## [What to produce]
Starting at the line that contains "some decorated cookies" and stopping at the line that contains "Light green kitchen", transcribe every line of the material below exactly; pictures stay out.

## [Working data]
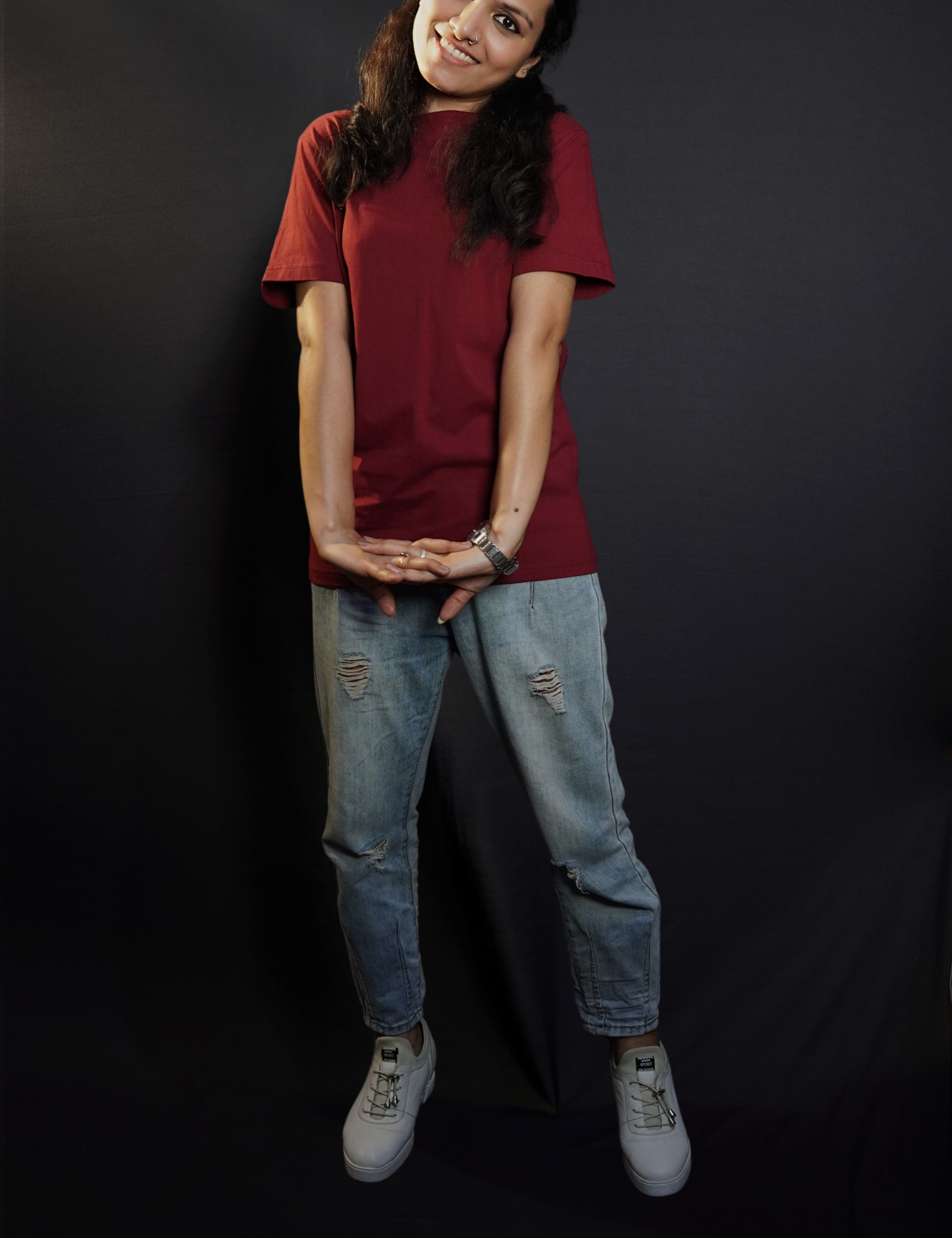 A woman wearing men's cotton short sleeved moisture wicking rich maroon t-shirt, posing with her hand stretched in front of her, highlighting a casual everyday fit-Muselot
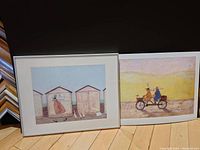 Photo of two Sam Toft artworks side by side on the floor, one framed and one mounted on mat board.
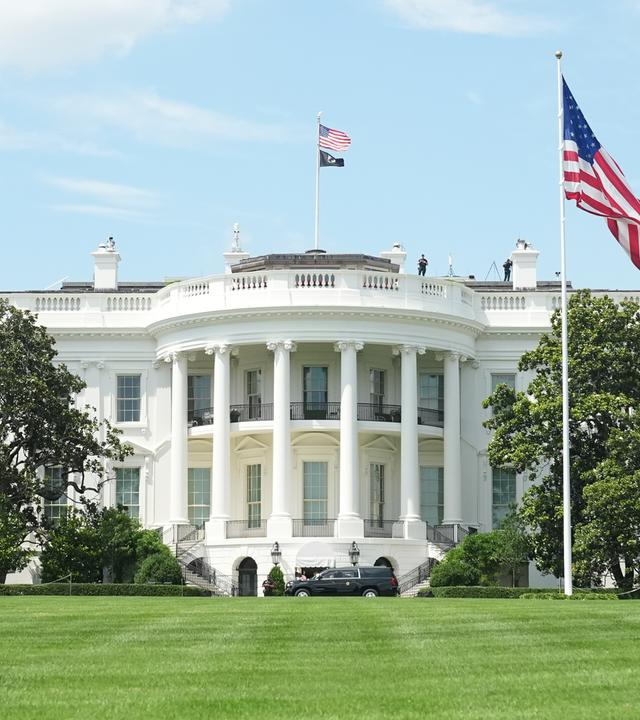 Weißes Haus in Washington mit USA-Flagge im Vordergrund
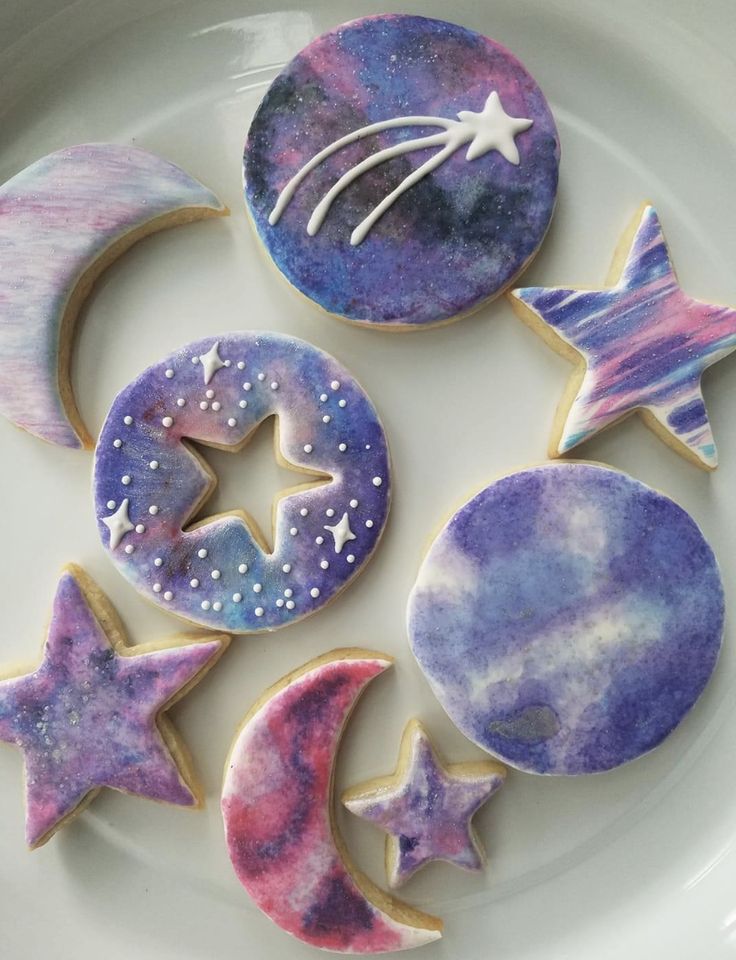 some decorated cookies on a plate with stars and crescents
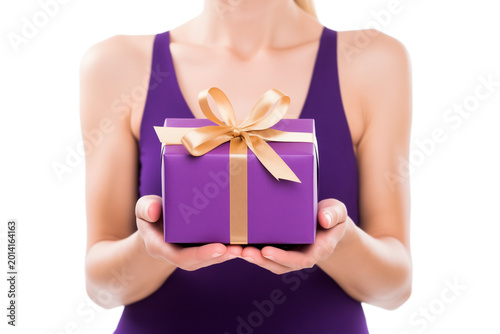 girl holding present purple gift box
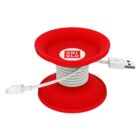 A red circular cable organizer with the Uniqlo logo is shown. A white USB and lightning cable is neatly wrapped around the spool, with the connectors visible.
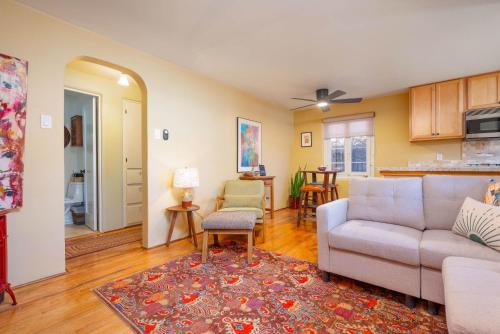 a living room with a couch and a table at Casita Gomez- Courtyard - Quiet - Railyard - 1BR in Santa Fe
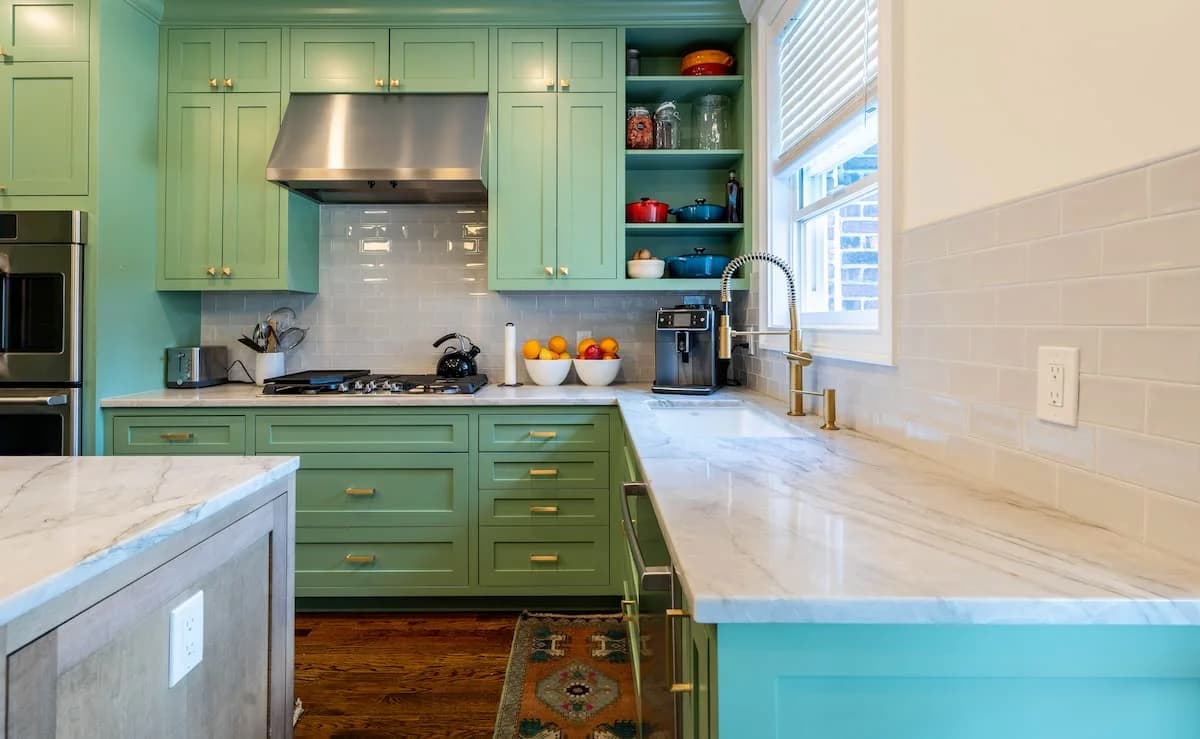 Light green kitchen cabinets with white marble countertops and brass fixtures.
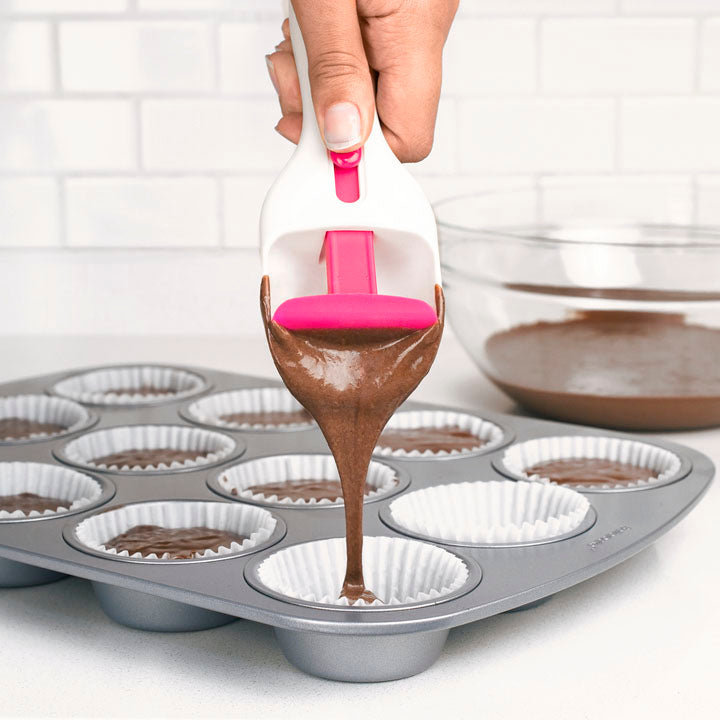 A hand uses the Cupcake Scoop to pour chocolate cake batter into paper-lined muffin cups, while a glass bowl with extra batter sits on the kitchen counter in the background.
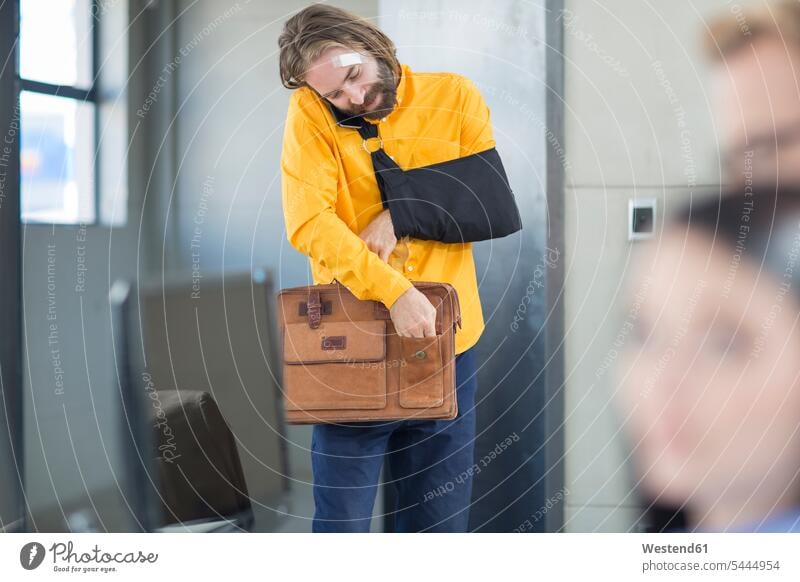 Verletzter Büroangestellter beim Anpassen seiner Tasche Office Büros Arbeitsplatz Arbeitsstätte Arbeitstelle Mann Männer männlich Erwachsener erwachsen Mensch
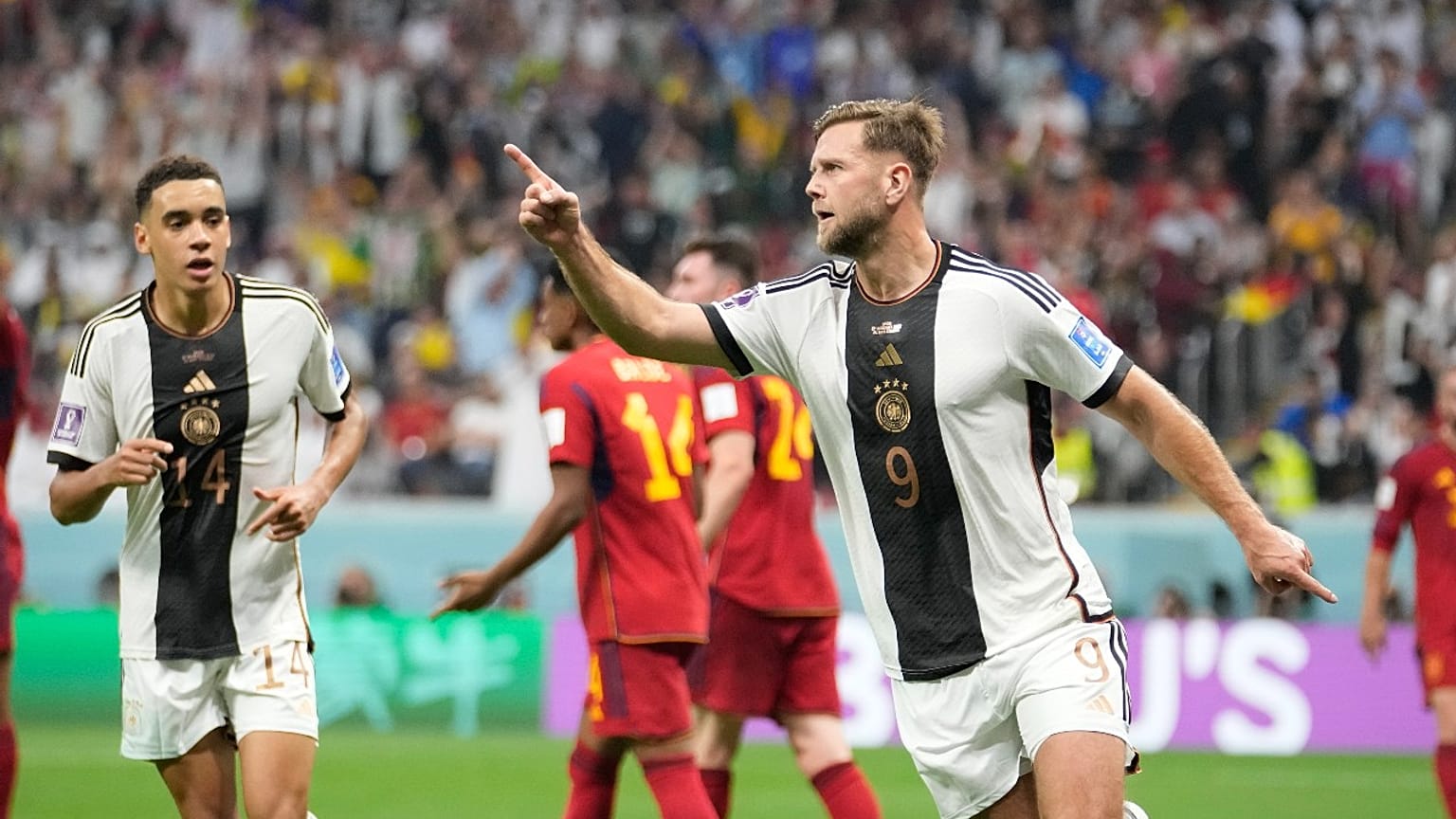Germany's Niclas Füllkrug celebrates after he scored his side's equaliser in the 1-1 draw with Spain, at the Al Bayt Stadium in Al Khor , Qatar, Sunday, Nov. 27, 2022.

## [Exercise result]
 some decorated cookies on a plate with stars and crescents
 girl holding present purple gift box
 A red circular cable organizer with the Uniqlo logo is shown. A white USB and lightning cable is neatly wrapped around the spool, with the connectors visible.
 a living room with a couch and a table at Casita Gomez- Courtyard - Quiet - Railyard - 1BR in Santa Fe
 Light green kitchen cabinets with white marble countertops and brass fixtures.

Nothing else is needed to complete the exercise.